_The input_:
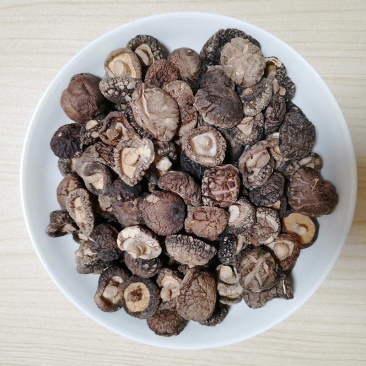 无硫干香菇厚肉冬菇批发零售支持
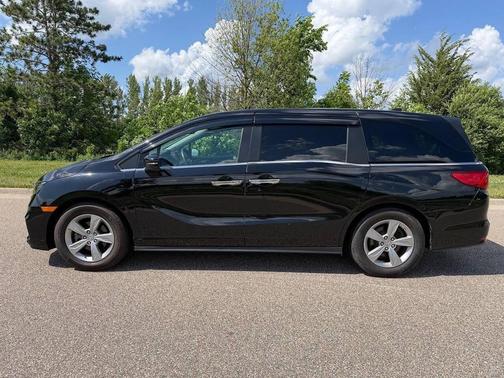 Crystal Black Pearl 2020 Honda Odyssey EX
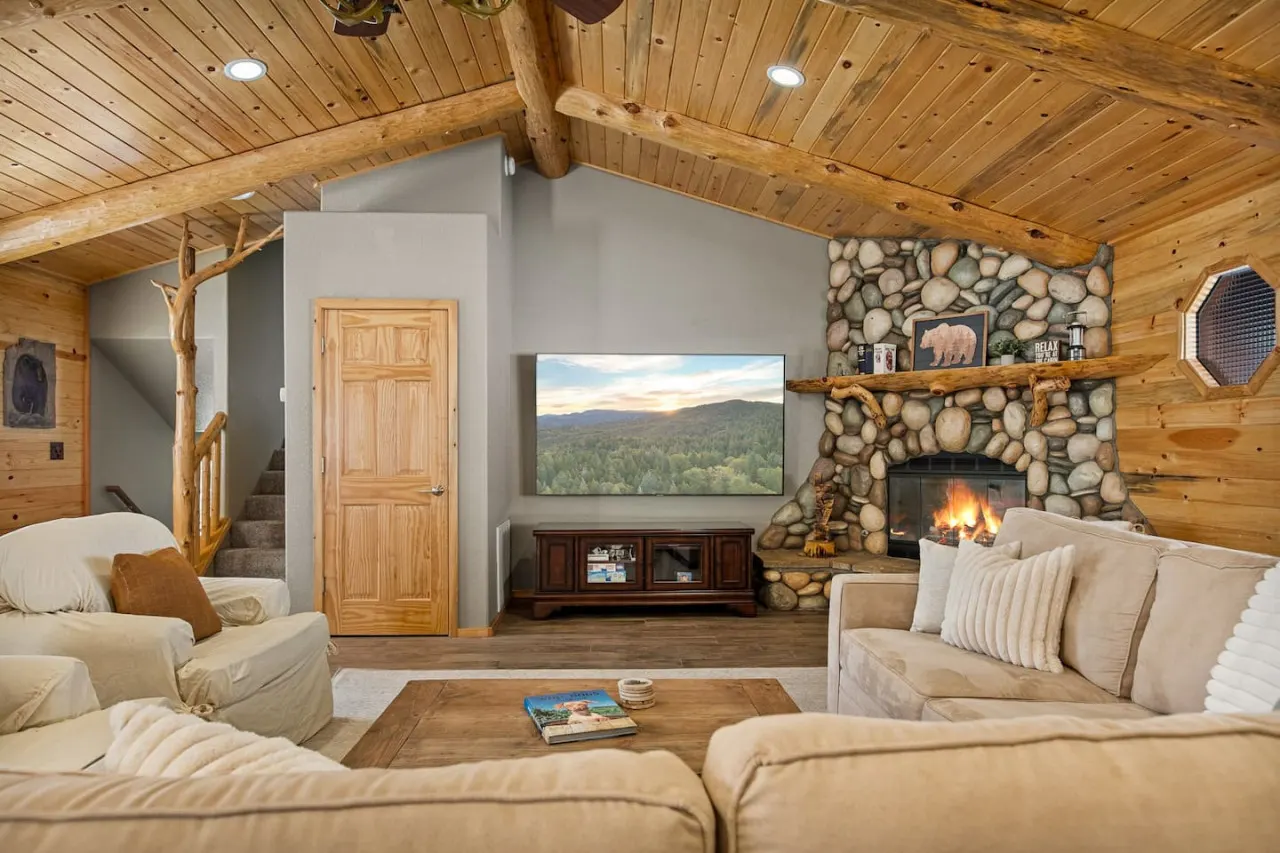Enchanting Snow Escape Hot Tub & Game Room 14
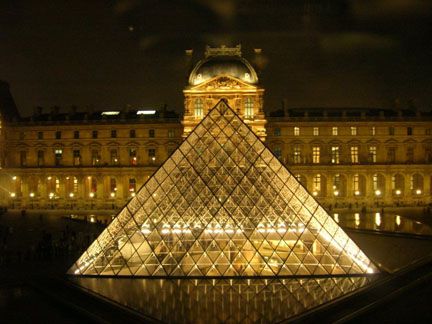 louvre-pyramid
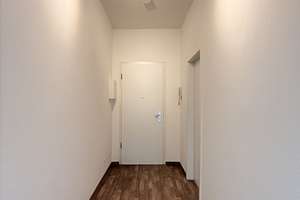 Charmante 3-Zimmer-Hochparterrewohnung
in familienfreundlicher Lage – Die vollständige Adresse der Immobilie erhältst du vom Anbieter., 1259 Niedersedlitz, Dresden – Vorschaubild 4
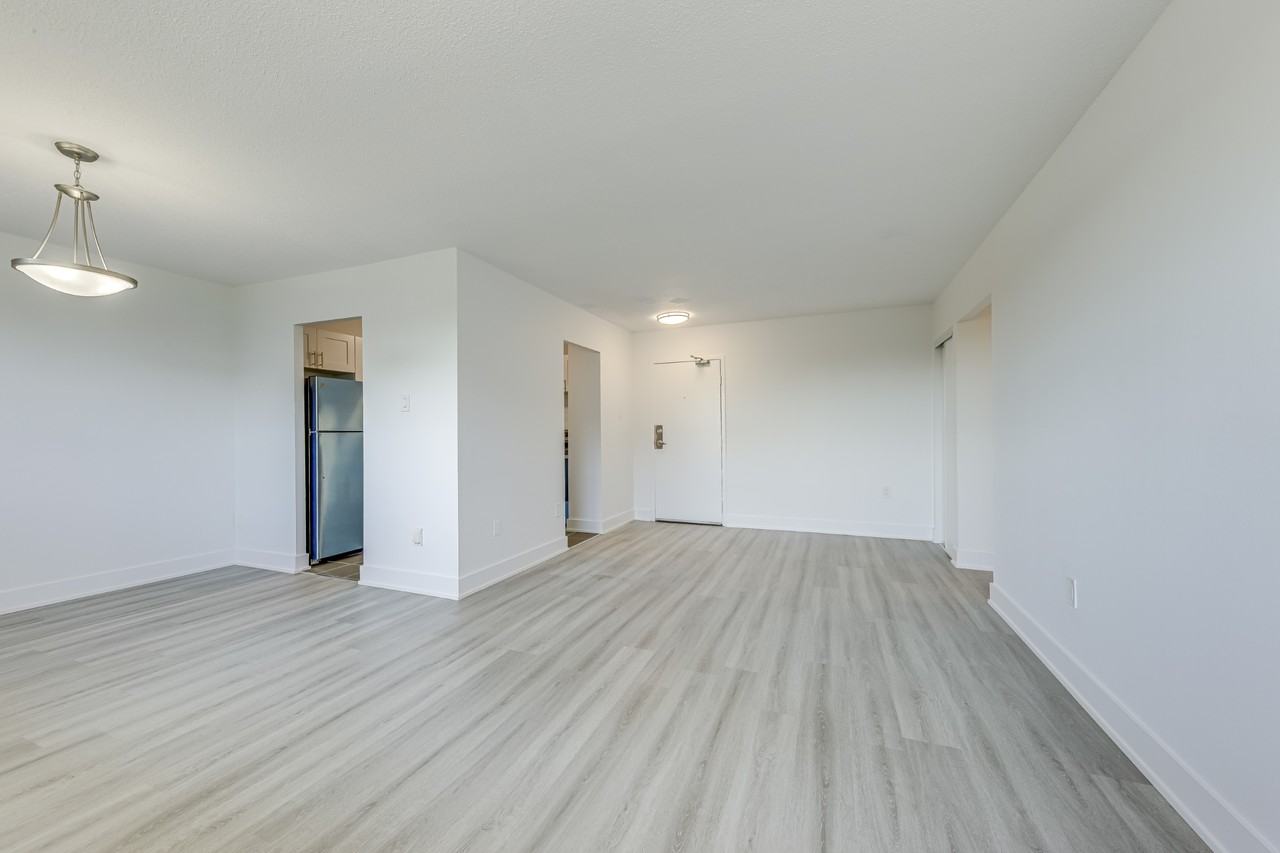 285 North Service Road Apartments - Photo 7 of 20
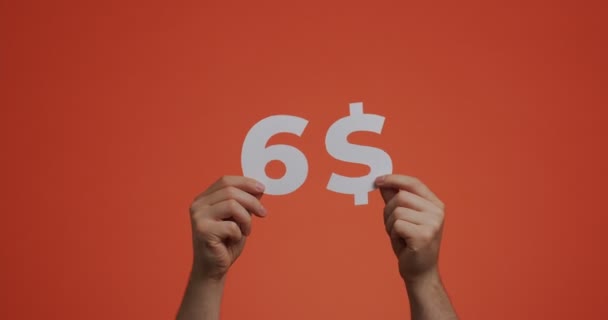 Şase dolari, mâini care arată costul achiziţiei. Omul arată preţul. Vânzare, donare, caritate, concept de licitație — Videoclip de stoc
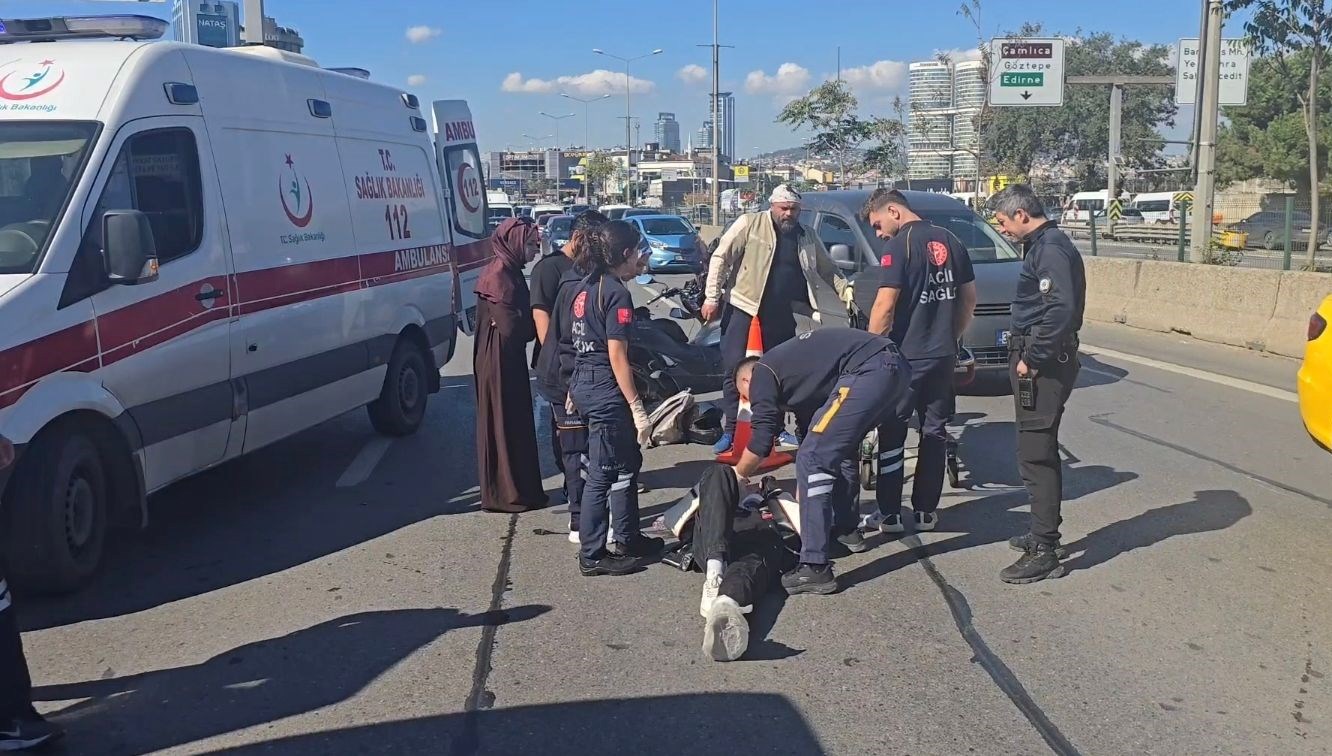 kadikoyde sapagi kaciran otomobil surucusu motosiklete carpti 97yEhThK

_Directions for this task_:
Copying starts at the line containing "285 North Service" and ends at the last line of the material above; repeat only those lines exactly and omit the pictures.

_Output of the exercise_:
 285 North Service Road Apartments - Photo 7 of 20
 Şase dolari, mâini care arată costul achiziţiei. Omul arată preţul. Vânzare, donare, caritate, concept de licitație — Videoclip de stoc
 kadikoyde sapagi kaciran otomobil surucusu motosiklete carpti 97yEhThK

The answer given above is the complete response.